Get succinct boundary representation for usage in filenames.

Parameters:

precision (int, default = 0) – Precision, i.e. number of decimal places to round to. Default is 0 for ints.

Return type:

String containing N, S, E and W coordinates.

property lat_max: float

Get the northern latitude boundary of the area (degrees).

property lat_min: float

Get the southern latitude boundary of the area (degrees).

property lon_max: float

Get the eastern longitude boundary of the area (degrees).

property lon_min: float

Get the western longitude boundary of the area (degrees).

round_coords(offset_val: float = 0.0, round_val: int | float = 1) GeoBoundingBox[source]

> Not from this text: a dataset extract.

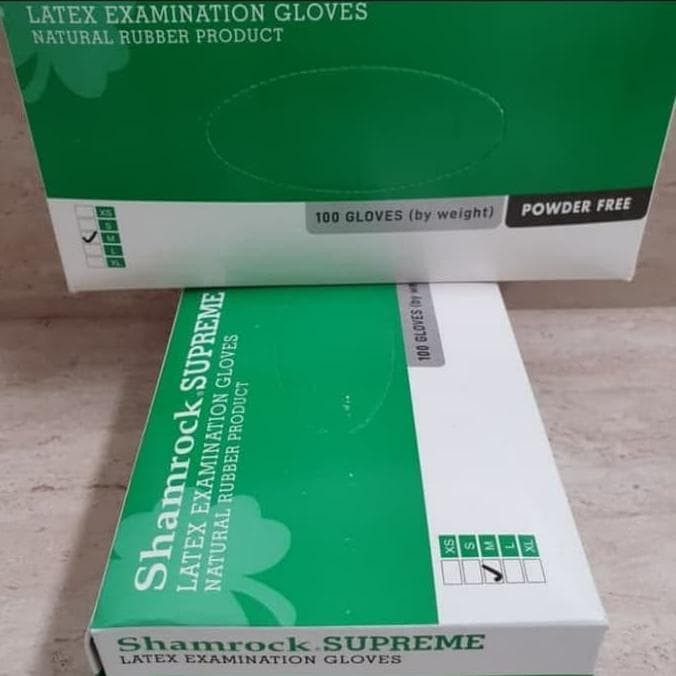 Sarung Tangan SHAMROCK SUPREME LATEX Powder Free isi 100 pcs/box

Round the bounding box coordinates.

Rounding is always done outside the original bounding box, i.e. the resulting bounding box is always equal or larger than the original bounding box. Rounding can only be done once per instance.

Parameters:
  • offset_val (float, default = 0.0) – Offset the coordinates by this factor.

  • round_val (int or float, default = 1) – Rounds to the nearest round_val. Can be an int for integer rounding or float for decimal rounding. If 1, round to integers.

Return type:

GeoBoundingBox instance with rounded and offset coordinates

ochanticipy.utils.hdx_api module

Use HDX python API to download data.

ochanticipy.utils.hdx_api.load_resource_from_hdx(hdx_dataset: str, hdx_resource_name: str, output_filepath: Path) Path[source]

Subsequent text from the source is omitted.